*** Opening of MATERIALS PROVIDED ***

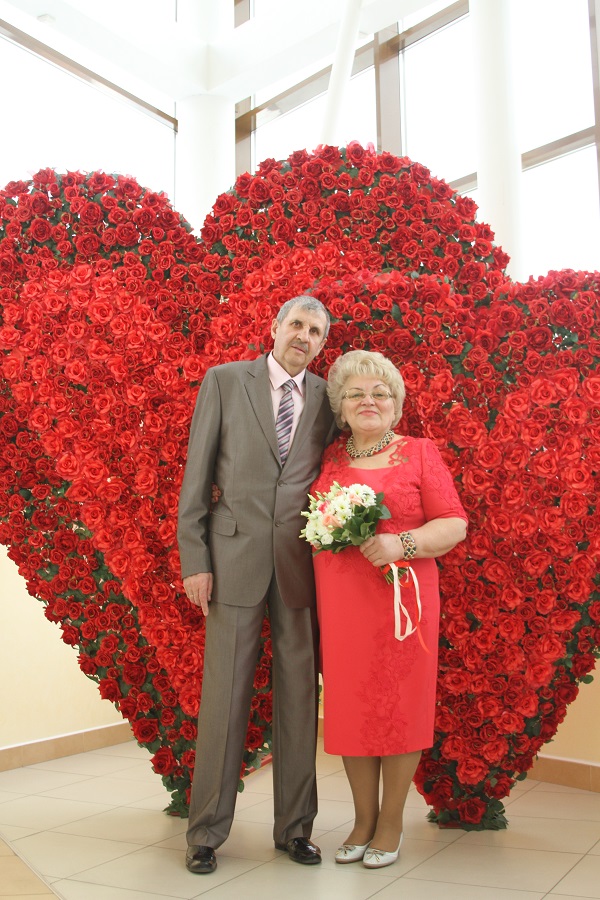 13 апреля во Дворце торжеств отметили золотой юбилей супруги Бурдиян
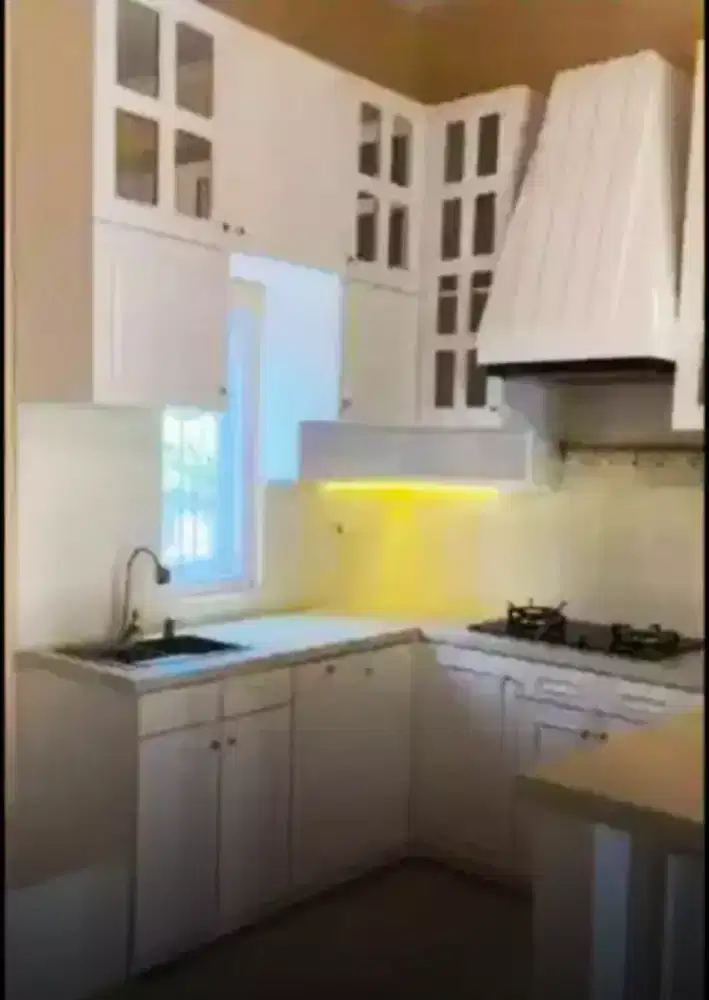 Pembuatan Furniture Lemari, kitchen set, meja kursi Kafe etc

*** Close of MATERIALS PROVIDED ***
*** Opening of MATERIALS PROVIDED ***

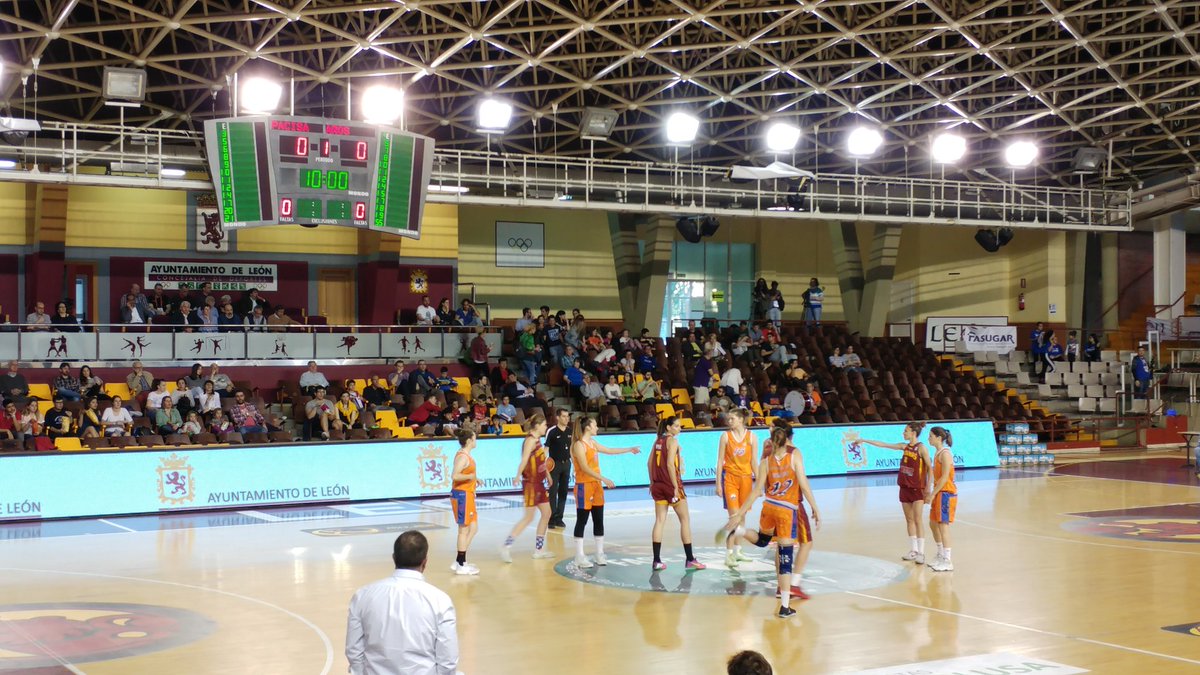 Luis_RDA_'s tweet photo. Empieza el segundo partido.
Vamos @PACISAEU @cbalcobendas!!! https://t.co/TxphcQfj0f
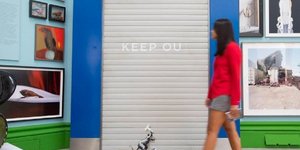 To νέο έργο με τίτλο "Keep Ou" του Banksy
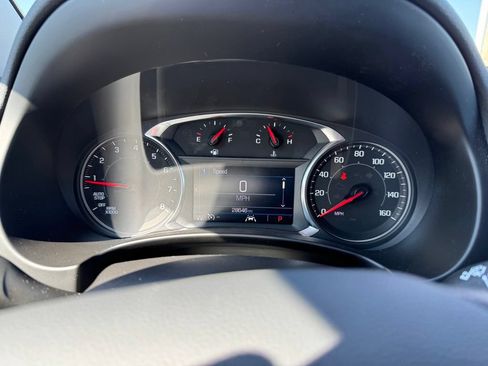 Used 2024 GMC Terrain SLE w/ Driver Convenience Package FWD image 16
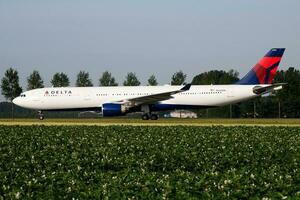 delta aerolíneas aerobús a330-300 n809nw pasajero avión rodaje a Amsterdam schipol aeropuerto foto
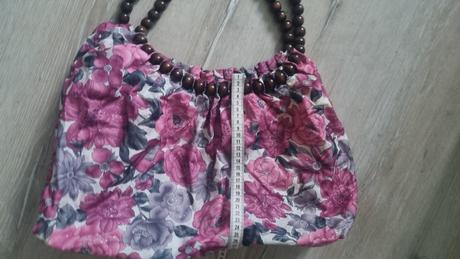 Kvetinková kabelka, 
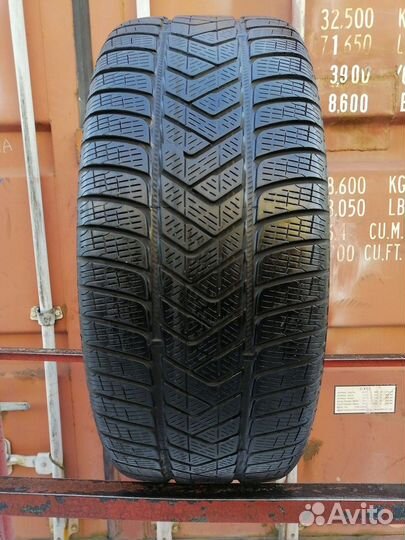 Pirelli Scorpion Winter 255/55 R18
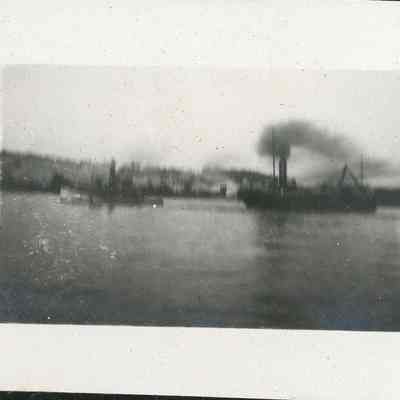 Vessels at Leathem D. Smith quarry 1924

*** Close of MATERIALS PROVIDED ***

Working from the records above, set down word for word everything from the line containing "13 апреля во" down to the line containing "Pembuatan Furniture Lemari, kitchen", ends included, minus the pictures.

 13 апреля во Дворце торжеств отметили золотой юбилей супруги Бурдиян
 Pembuatan Furniture Lemari, kitchen set, meja kursi Kafe etc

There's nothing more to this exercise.